Of course there are cons. One of them is that if you want to expose all this as a traditional REST or SOAP service it takes a lot more programming. Also some languages does not have good MQ libraries that pushes you to do traditional way.
Writing MQ services are little more complex than REST/SOAP services.
OUR SOFTWARE STACK
To make things simpler we made a new whole software stack around RabbitMQ and CXF. Some of them are being migrated to new tech, some of them are there to stay long…
Let me describe a little bit:
- We use Spring for configuration management and IoC. It simplifies configuration and allows us to write plain files that let us switch components without having to recompile.
- We use Hibernate for database access. And Hibernate tools + HibernateDAO to generate code for different databases. Simplifies a lot database access, we never wrote a query. Makes system fully performant in different databases. And you get a lot of goodies.
- We use Jboss for the container of the services. This is mainly a backwards compatibility option. I will explain later.
- We use Level2 MQ framework to build the services. It allows us concentrate on building the services and it does for us:
- Serialization/Deserialization of messages.
- Route mapping between, exchanges, queues, etc.
- Handles ACK.
- Apache CXF for building the API REST/SOAP. We create services that match a MQ method using CXF. With our current configuration we get for free:
- The REST service that understand XML and JSON.
- The SOAP service that understands XML.
- API documentation with Openstack API format.
- Level2 MQ Maven Plugin. That allows us to automatically generate all CXF services. Yes you rode well. We automatically generate all API frontends from MQ code. Ok yes. It’s still on construction but we are using for the next project for the full API.
That’s almost all. What do you get with this? Well a lot of useful abilities. This is our way to work.
We generate a database that fits our requirements. For us data is the most important thing so we want to make sure the database is designed the first. Then we generate code to access the database. This code is shared on microservices. And it means is fully accessible and full loaded of useful utils, like an optimized search engine.
Then we design our internal API. We normally structure the services in what we call modules (basic pieces of operations on the DB). They do database access and small operations over our entities.We have also module frontends. They define more complex operations, and compose small services if required. We have few requirements for module frontends, for example DB access is forbidden.
Once we have everything done. We do use the automatic code generation tool to generate the API. The tool parses the generated code in the previous steps and creates fully CXF configured services for SOAP and REST. Json and XML for free.
The generate-sources maven target on that projects automatically generates API docs in html format. Fully commented and with examples (WIP)!
Isn’t that great?
The great thing of it is that it hides all complexity. Because Level2 MQ library creates and configures RabbitMQ exchanges and queues on boot. No manual configuration is required. So programmer only have to define the name of the queue. But this can be also omitted and you still will have a fully compliance service. Configuration is a lot less than a CXF service.

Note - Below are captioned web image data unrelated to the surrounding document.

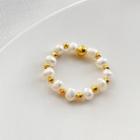 Freshwater Pearl Alloy Bracelet White & Gold - One Size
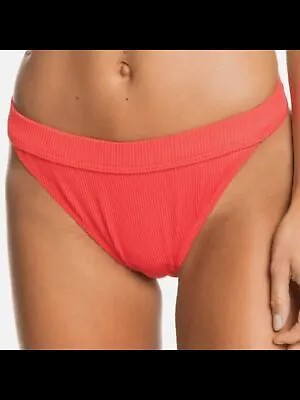 ROXY Женский красный купальник в рубчик на эластичной подкладке с умеренным покрытием, низ M
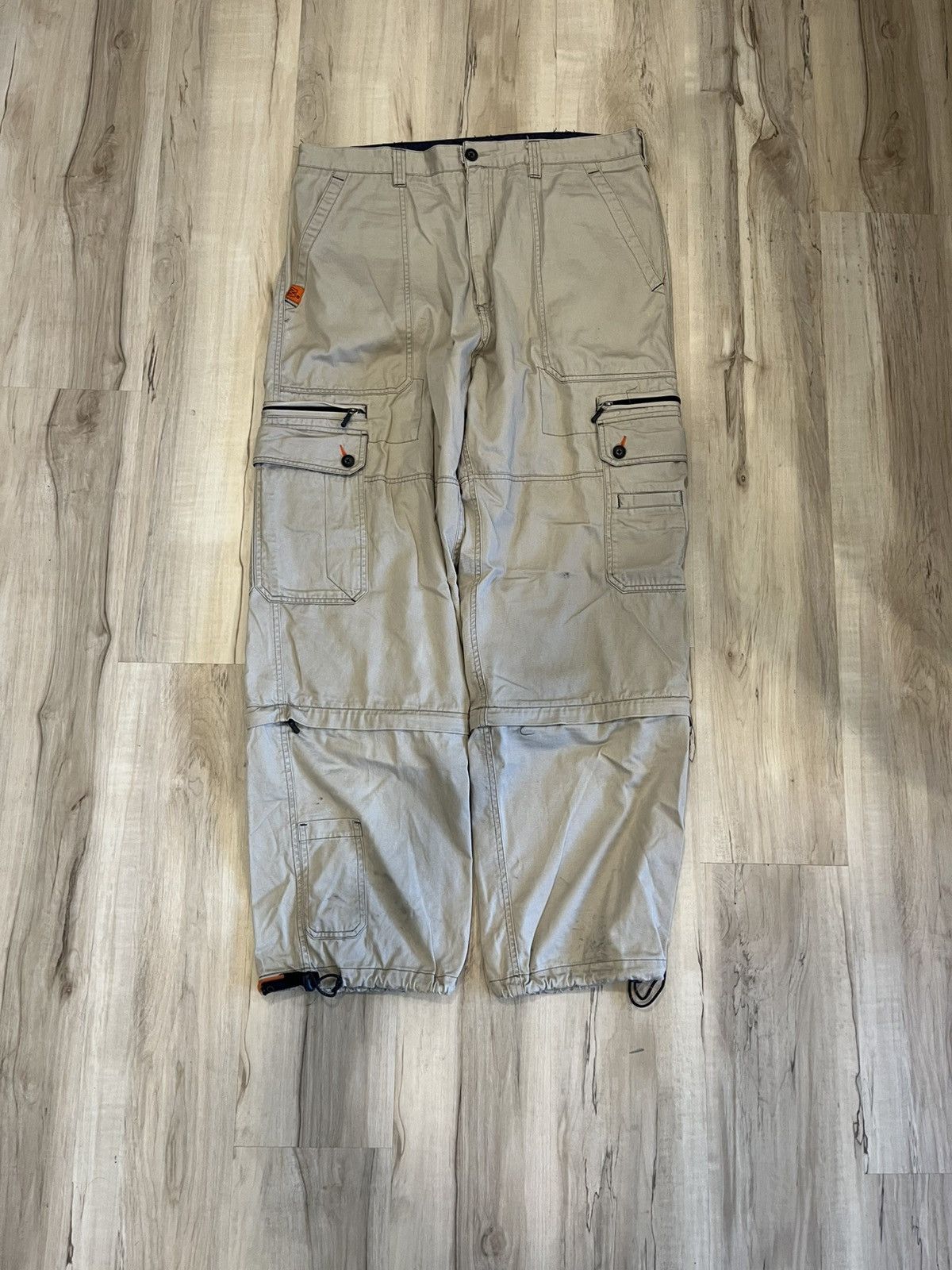 Vintage Vintage wear 1 first wide leg baggy cargo pants Size US 36 / EU 52 - 1 Thumbnail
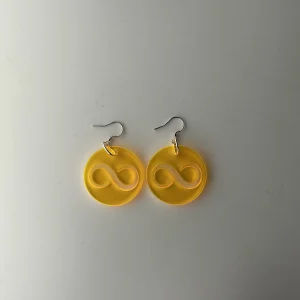 infinity yellow earrings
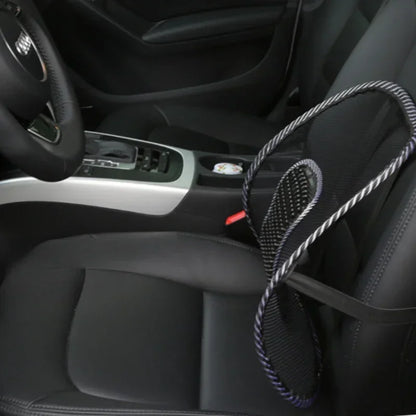 Mesh Lumbar Back Cushion – Anti-Fatigue Elastic Support Pad for Office Chair, Massage Cushion for Daily Use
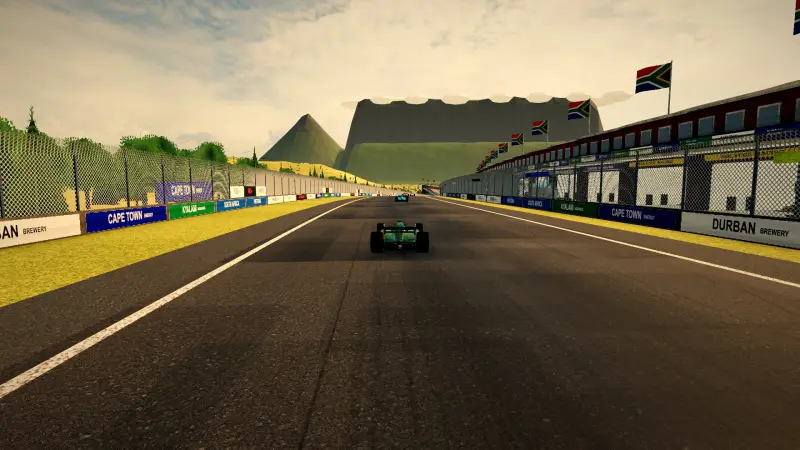 Down the plunge, South Africa: South Africa racing game screenshot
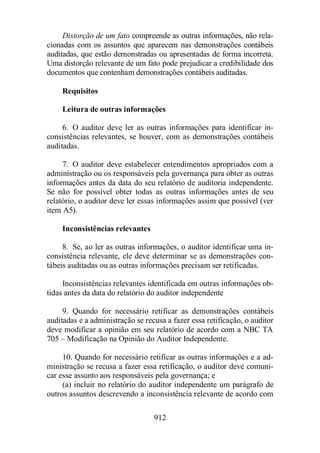 Normas Auditorias Perícia Contábil.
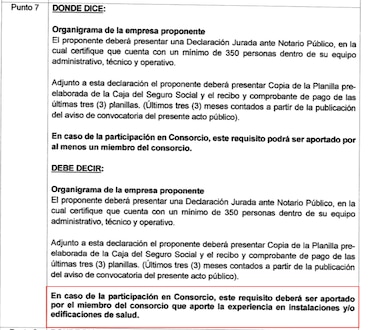 ¿Está arreglada la licitación de $80 millones del Minsa para la limpieza hospitalaria?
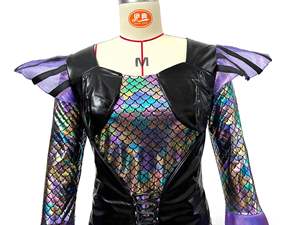 Costume de <span class=keywords><strong>sirène</strong></span> sombre d'Halloween 2026, maquillage de bal, cosplay de femme, robe longue de <span class=keywords><strong>sirène</strong></span>, tenue de performance, costume de jeu d'anime - Product Image 5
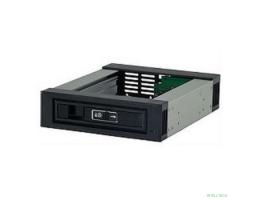 Procase L3-101-SATA3-BK  {Hot-swap корзина 1 SATA3/SAS 6Gb, черный, с замком, hotswap aluminium mobie rack module (1x5,25) 1xFAN 40x15mm}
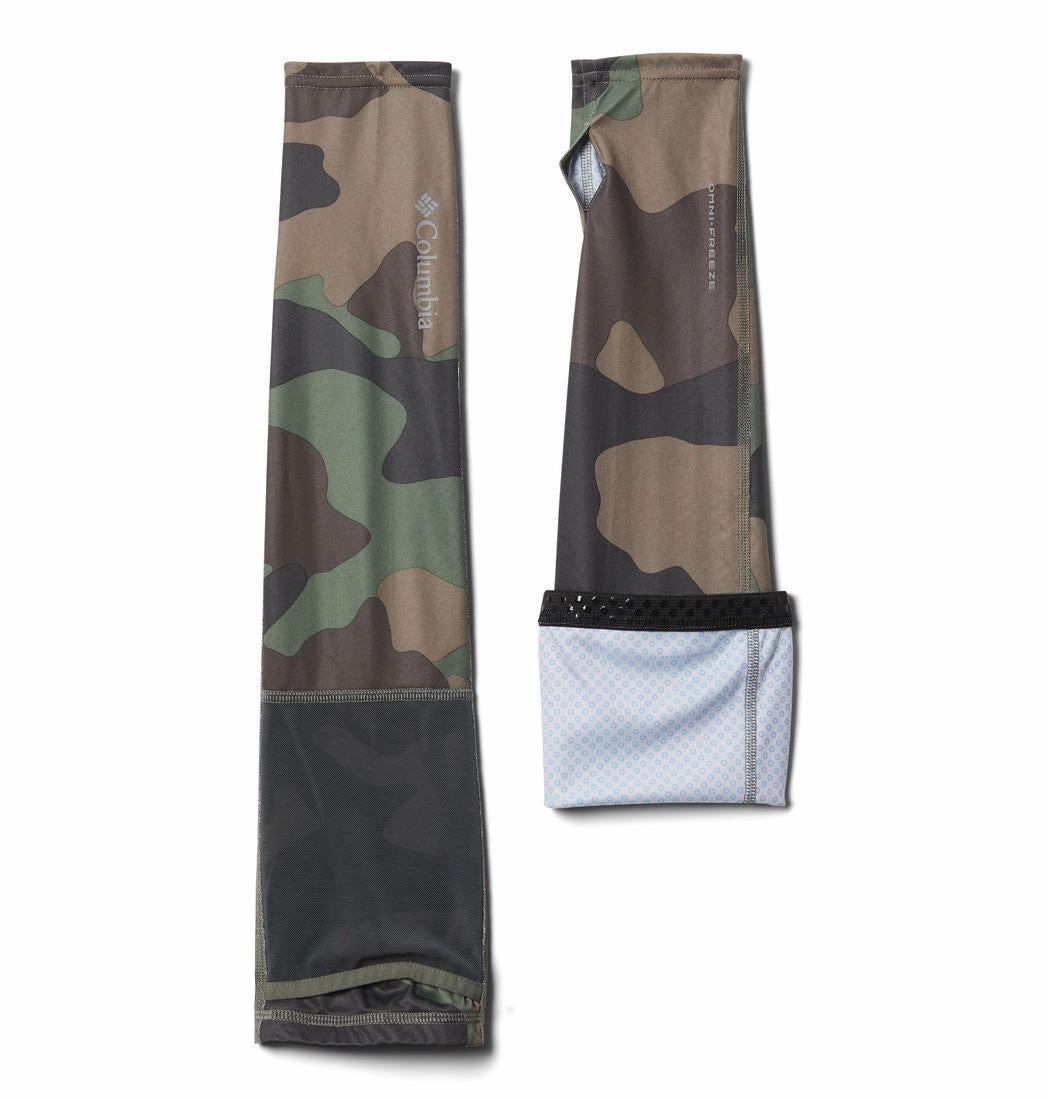 Columbia Unisex Green Freezer Zero II Arm Sleeves with Sun Protection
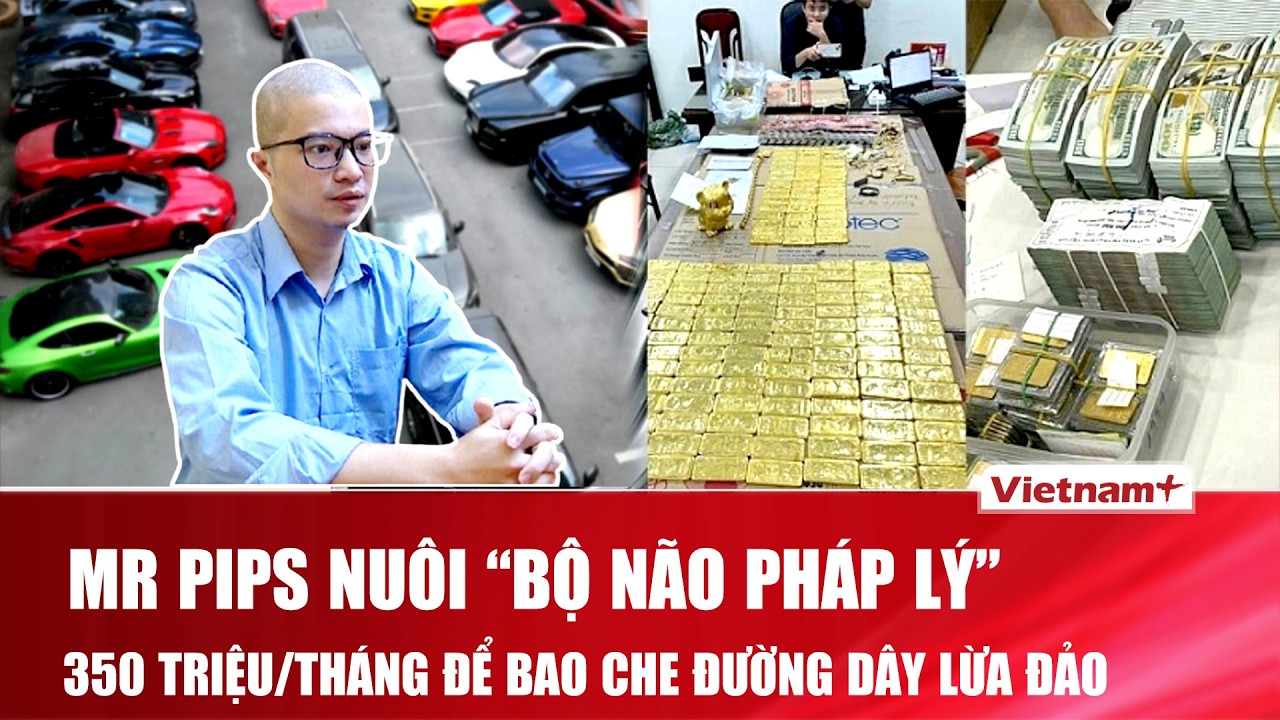 Mr Pips “chi lương tháng” 350 triệu đồng cho hai cựu công an tư vấn pháp chế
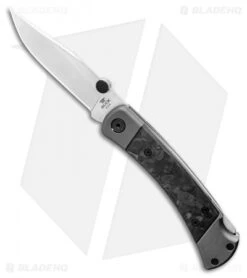 Buck Knives Buck 110 Folding Hunter Lockback Knife Marble CF (3.75" Satin) 0110CFSLE1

We have to update wiki of the project, now only a class annotation is required to make everything work.
We are never happy enough with what we do. We think there’s always room for improvement. So in the next months we will be changing a lot of things. To address possible problems.
STILL SYNC ON API FRONTEND
We are still sync on API frontend. This means that you send a request and wait for the response or timeout. This part is more about how to deal with processing than microservices itself. But we are wanting to do other way.
We are thinking about streaming mode. It means that you will send a request and you will not receive the response. Instead you will receive a token that points to the response.
That way response is immediate, no more waits. The request will be placed in Kafka and processed in order. The caller can do more things while processing is ongoing or just wait for the token to be fulfilled and response become available. It depends on the action.
We still thinking about this but using this way of work maybe it makes sense to migrate everything to something like Apache Storm. We still thinking about it as I said. But it will remove a lot of waiting in some places. We are reading a lot about backpressure.
We now that serializing and deserializing so many messages in json format will make systems spend a lot of time on that task. And it will increase as traffic an services grow. But we don’t want to loose the ability to inspect messages on the fly.
This is why we are implementing Apache Thrift for this task (Serialization/Deserialization). That way we will have binary, framed (and maybe encrypted) protocol for production. And plain json in test or when needed.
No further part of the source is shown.